Мы должны предъявить счет — вовремя, пока еще не высохла кровь, которой он написан, пока жив еще этот мальчик, которому суждено стать атаманом, и пока не сравнялся с землей могильный холмик на глухом сибирском полустанке, где кончили свою жизнь Елена и Наталия Д.
1942, январь
Центральные
Но бывает, и до нас добирается печатное слово, и тогда мы узнаем о том, что думают и говорят о нас на Большой земле. Говорят с уважением, а часто и с восторгом, и это, конечно, приятно, лестно, вызывает подъем, придает сил и бодрости:
Однако кое-что в этих откликах и телеграммах удивляет и даже раздражает. Что же именно? А именно — чрезмерная легкость корреспондентского пера, замазывание тех трудностей, которые нас окружают и с которыми нам приходится бороться — бороться всерьез, по-военному, очень часто не на жизнь, а на смерть.

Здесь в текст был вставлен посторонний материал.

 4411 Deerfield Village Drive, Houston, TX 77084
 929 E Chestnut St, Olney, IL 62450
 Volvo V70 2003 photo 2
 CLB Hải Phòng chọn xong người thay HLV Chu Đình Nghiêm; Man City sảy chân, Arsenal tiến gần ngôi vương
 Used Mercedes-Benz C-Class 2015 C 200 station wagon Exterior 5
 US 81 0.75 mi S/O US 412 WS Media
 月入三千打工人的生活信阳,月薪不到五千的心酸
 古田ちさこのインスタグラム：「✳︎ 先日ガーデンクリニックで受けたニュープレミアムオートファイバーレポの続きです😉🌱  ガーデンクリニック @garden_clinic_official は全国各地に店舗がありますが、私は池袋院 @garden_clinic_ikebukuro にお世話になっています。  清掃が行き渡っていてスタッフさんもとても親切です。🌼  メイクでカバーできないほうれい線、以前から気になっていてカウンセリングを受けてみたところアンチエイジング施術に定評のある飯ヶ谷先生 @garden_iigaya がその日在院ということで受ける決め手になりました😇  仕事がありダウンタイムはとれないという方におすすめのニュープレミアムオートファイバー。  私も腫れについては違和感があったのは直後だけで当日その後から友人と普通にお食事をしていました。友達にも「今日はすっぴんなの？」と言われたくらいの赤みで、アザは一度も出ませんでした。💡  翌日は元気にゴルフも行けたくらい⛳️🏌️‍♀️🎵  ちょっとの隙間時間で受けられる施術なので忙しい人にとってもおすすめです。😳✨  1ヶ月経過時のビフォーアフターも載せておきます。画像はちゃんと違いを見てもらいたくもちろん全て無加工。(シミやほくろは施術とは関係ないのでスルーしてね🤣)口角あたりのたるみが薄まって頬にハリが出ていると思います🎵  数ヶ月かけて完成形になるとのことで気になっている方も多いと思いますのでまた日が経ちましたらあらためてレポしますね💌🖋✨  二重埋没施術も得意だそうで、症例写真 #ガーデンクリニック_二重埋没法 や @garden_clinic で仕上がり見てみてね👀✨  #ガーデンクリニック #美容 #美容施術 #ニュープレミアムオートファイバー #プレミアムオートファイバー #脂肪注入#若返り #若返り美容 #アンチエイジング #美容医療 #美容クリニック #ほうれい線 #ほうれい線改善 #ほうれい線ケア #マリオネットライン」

В сообщениях о нашем городе то и дело встречаешь такие фразы: «Город живет полнокровной жизнью…», «Расширяется сеть столовых и ресторанов…», «Такое-то научное общество подготовило к печати» и т. д. и т. п.
А в то время когда москвичи, саратовцы, куйбышевцы, ярославцы и свердловцы читали эти бодрые строчки, в нашем огромном городе работала всего одна баня, притом не вся баня, а только мужское отделение, и мылись там мужчины и женщины вместе.
В то же время Ленинградский Совет и Совет фронта строжайшим образом обязывали каждое домоуправление установить в помещении жакта кипятильник и продавать населению кипяток по три копейки за литр.
В эти же дни у подъездов столовых и ресторанов выстраивались длиннейшие очереди, трещал мороз, над головами свистели снаряды, и под их свист люди несли в котелках и бидонах обед и ужин, приготовленные из дуранды, которая в меню и в прейскурантах именуется почему-то жмыховой массой: суп из жмыхмассы, каша из жмыхмассы, котлеты из жмыхмассы…
В городе живут вместе с нами наши дети. Их меньше, чем до войны, но все-таки много.
Город заботится о детях, город отдает им все — последнюю каплю молока, последнюю конфету.
Но молоко это суррогатное, соевое, а конфеты приготовляются из той же спасительной жмыхмассы с прибавлением некоторого количества клюквы и некоторого количества сахарина.
Детям очень трудно, гораздо труднее, чем нам, старым обстрелянным воробьям.
И все-таки как хорошо, что они с нами! Что ни на одну минуту не смолкал их милый щебет, не угасала детская улыбка. Уже одним присутствием своим они украшают и согревают нашу суровую фронтовую жизнь и как бы подчеркивают — ежеминутно, на каждом шагу — великий человеческий смысл нашей борьбы.
Так в гомеровской «Илиаде» незаметный штрих — появление ребенка в эпизоде прощания Гектора с сыном у стен Илиона — превращает борьбу осажденных троянцев из простой баталии в глубокую и волнующую человеческую трагедию.
1942, январь
Рассказывала санитарка в госпитале.
Жили они всю зиму на кухне — комнату «волной разбомбило». Муж в ноябре погиб под Кингисеппом.
— Детей выходила, обогрела. Они, как ежики, около огонька сожмутся, сидят и не шевелятся.